Y esfuércense por cumplir fielmente el mandamiento y la ley que ordenó Moisés, siervo del Señor: Amen al Señor su Dios, condúzcanse de acuerdo con su voluntad, obedezcan sus mandamientos, manténganse unidos firmemente a él y sírvanle de todo corazón y con todo su ser.
Los preceptos del Señor son rectos: traen alegría al corazón. El mandamiento del Señor es claro: da luz a los ojos.
Nada hay tan engañoso como el corazón. No tiene remedio. ¿Quién puede comprenderlo? «Yo, el Señor, sondeo el corazón y examino los pensamientos, para darle a cada uno según sus acciones y según el fruto de sus obras».
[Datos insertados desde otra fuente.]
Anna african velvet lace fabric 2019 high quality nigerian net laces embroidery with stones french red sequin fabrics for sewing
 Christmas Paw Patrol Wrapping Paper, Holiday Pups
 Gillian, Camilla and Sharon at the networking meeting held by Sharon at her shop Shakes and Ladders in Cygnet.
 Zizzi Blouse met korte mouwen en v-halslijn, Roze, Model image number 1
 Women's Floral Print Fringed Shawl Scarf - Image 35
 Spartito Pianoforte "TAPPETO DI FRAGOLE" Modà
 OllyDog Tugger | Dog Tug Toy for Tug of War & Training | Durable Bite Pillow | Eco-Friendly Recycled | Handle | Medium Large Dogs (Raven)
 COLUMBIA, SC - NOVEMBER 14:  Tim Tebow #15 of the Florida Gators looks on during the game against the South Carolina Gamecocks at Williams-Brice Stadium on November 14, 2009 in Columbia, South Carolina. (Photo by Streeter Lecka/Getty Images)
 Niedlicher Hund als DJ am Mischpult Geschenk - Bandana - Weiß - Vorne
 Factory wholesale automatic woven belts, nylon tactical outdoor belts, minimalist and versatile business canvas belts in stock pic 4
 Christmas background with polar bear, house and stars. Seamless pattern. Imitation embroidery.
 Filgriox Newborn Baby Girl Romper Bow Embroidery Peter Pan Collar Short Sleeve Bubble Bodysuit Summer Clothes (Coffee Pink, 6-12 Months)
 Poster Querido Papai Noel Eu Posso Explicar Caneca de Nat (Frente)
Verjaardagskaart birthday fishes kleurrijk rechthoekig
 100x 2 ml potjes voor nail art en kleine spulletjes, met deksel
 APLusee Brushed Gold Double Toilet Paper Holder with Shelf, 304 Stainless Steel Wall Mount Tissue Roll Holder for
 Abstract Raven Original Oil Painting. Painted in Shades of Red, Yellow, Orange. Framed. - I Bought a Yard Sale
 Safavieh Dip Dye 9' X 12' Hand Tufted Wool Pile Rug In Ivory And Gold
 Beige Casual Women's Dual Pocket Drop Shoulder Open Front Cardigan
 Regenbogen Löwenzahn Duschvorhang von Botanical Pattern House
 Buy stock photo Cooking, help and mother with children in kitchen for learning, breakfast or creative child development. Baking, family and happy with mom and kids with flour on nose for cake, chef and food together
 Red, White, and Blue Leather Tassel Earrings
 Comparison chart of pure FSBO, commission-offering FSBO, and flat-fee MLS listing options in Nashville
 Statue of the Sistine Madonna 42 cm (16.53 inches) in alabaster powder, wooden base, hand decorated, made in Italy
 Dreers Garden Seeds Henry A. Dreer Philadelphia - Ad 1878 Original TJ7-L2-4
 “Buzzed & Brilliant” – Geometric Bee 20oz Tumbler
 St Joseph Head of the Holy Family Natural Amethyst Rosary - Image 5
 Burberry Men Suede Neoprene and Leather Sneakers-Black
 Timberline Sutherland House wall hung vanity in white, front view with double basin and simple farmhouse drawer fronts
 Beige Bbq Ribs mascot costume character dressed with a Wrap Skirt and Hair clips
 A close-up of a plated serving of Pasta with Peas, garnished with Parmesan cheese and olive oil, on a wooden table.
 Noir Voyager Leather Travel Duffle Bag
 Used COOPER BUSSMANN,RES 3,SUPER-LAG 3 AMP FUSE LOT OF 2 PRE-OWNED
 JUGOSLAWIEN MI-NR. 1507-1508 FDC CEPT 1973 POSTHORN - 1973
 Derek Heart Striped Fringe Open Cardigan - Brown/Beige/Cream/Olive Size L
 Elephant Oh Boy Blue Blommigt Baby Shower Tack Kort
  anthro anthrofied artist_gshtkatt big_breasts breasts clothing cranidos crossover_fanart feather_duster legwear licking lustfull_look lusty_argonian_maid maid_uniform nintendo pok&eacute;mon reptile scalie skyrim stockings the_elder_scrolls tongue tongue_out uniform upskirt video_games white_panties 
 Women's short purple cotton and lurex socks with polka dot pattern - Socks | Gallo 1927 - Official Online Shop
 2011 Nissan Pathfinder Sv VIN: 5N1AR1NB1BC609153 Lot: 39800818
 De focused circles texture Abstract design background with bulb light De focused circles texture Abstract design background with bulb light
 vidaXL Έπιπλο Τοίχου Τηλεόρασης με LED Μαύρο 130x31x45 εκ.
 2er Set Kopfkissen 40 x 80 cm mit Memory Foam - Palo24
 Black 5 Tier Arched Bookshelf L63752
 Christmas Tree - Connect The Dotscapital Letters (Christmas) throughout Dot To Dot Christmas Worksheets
Hijo mío, no te olvides de mis enseñanzas; más bien, guarda en tu corazón mis mandamientos. Porque prolongarán tu vida muchos años y te traerán prosperidad.
Y esta esperanza no nos defrauda, porque Dios ha derramado su amor en nuestro corazón por el Espíritu Santo que nos ha dado.
Pero yo confío en tu gran amor; mi corazón se alegra en tu salvación. Cantaré salmos al Señor, porque ha sido bueno conmigo.
El de sabio corazón acata las órdenes, pero el necio y rezongón va camino al desastre.
Que la belleza de ustedes no sea la externa, que consiste en adornos tales como peinados ostentosos, joyas de oro y vestidos lujosos. Que su belleza sea más bien la incorruptible, la que procede de lo íntimo del corazón y consiste en un espíritu suave y apacible. Esta sí que tiene mucho valor delante de Dios.
Quiero alabarte, Señor, con todo el corazón, y contar todas tus maravillas.